The individual exam boards set up the Language exams as follows: 


  • AQA: One paper on Exploration in Creative Reading & Writing that’s worth a total of 80 marks and 50% of the GCSE. The second paper is on Writer’s Viewpoints and Perspectives, which is also worth 80 marks and 50% of the GCSE. Both papers will last 1 hour and 45 minutes. 


  • OCR: One paper on Non-fiction texts and one paper on Literary texts. Both are 50% of the GCSE and will last for 2 hours with a total of 80 marks available on both. 


  • Pearson Edexcel: One paper on Fiction & Imaginative Writing worth 40% of the GCSE and a maximum of 64 marks available. One paper on Non-Fiction & Transactional Writing worth 60% of the GCSE and a maximum of 96 marks available. The first paper lasts 1 hour and 45 minutes, the second lasts 2 hours and 5 minutes. 


All of these exams will include reading and writing elements across the papers.
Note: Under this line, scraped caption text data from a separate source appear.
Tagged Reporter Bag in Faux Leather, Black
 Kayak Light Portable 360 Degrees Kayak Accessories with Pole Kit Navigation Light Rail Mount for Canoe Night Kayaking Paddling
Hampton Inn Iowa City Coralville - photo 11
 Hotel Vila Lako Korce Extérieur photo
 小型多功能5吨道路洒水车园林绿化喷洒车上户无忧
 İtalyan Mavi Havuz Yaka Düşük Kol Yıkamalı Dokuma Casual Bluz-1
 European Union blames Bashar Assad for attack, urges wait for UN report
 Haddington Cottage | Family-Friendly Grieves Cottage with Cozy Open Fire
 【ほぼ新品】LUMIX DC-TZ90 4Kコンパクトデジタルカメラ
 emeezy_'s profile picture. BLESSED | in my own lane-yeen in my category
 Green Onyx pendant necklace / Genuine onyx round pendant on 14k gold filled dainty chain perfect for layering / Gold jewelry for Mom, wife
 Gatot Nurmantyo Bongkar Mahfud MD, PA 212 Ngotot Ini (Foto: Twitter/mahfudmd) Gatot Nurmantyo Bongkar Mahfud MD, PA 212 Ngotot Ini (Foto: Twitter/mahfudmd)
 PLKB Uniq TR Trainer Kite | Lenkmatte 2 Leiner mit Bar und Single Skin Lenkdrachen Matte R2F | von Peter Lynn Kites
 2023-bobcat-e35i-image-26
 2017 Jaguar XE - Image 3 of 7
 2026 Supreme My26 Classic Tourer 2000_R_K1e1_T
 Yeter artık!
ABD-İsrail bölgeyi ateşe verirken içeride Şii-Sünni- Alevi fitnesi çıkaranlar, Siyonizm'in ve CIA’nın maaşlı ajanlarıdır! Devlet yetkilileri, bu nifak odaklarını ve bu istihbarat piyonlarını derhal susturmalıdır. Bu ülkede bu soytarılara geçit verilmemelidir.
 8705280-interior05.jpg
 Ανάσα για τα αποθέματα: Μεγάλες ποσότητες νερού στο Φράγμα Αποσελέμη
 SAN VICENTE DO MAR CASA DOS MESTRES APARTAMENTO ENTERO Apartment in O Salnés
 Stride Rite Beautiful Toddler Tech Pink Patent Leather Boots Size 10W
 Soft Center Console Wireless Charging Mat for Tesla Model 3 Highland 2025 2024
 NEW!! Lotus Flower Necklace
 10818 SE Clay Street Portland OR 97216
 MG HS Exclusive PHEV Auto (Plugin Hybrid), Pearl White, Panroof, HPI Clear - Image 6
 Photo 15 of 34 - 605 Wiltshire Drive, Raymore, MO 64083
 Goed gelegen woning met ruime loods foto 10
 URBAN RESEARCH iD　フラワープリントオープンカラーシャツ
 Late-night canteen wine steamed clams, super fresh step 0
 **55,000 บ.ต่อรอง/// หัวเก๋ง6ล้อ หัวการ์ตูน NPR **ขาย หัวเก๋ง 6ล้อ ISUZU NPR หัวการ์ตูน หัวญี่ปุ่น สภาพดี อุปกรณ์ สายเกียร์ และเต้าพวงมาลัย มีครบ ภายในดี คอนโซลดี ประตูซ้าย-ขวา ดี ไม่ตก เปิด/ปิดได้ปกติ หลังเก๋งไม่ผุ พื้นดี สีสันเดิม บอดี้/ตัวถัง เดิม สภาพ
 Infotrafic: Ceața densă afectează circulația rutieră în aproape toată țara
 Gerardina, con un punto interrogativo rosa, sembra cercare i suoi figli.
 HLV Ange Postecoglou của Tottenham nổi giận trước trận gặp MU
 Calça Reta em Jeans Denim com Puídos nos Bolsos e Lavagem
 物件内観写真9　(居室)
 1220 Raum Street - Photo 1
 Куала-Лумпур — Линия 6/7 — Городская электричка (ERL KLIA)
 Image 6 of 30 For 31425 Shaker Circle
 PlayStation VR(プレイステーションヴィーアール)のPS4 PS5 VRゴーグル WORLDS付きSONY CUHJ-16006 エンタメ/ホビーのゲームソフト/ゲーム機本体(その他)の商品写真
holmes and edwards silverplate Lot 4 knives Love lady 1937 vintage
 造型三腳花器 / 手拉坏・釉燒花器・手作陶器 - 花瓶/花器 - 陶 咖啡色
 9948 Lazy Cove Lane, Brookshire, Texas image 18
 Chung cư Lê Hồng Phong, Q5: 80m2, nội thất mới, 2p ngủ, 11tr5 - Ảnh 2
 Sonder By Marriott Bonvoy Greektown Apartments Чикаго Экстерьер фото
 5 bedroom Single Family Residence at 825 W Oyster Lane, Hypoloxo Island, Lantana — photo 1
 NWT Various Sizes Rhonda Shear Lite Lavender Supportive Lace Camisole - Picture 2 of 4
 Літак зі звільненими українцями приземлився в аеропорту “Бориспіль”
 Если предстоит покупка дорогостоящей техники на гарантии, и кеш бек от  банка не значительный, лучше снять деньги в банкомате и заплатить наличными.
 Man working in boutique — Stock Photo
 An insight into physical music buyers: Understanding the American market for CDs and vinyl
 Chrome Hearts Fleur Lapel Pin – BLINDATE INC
They will typically each have two texts to analyse, with one section focusing on reading and the other on writing. 


GCSE English Grades Explained

As you should be aware, the current GCSE system uses the 9-1 grading system. This replaced letters and means that 9 is the highest grade a GCSE English student can achieve. 


The top three grades of 9, 8, and 7 are supposed to correlate to the old grades of A* to A. 


6, 5, and 4 equate to B and C grades of old, with 5 seen as a strong pass and 4 as a standard pass. 


3, 2, and 1 are the equivalents of D E F and G grades under the old system. There is also a U grade that means ‘ungraded’, and it is technically the lowest grade you can get when sitting a GCSE English exam. 



All in all, GCSE English can be one of the most challenging GCSEs out there. This is largely because there are two different elements of the study that need to be covered. It’s conceivable to pass the Language section and fail the Literature - or vice versa. 


However, with the right support systems and teachings in place, pupils have a much greater chance of passing. The choice of exam boards also matters as they cover slightly different texts and topics. Having a GCSE in English Language and Literature is seen as essential for your further education and career.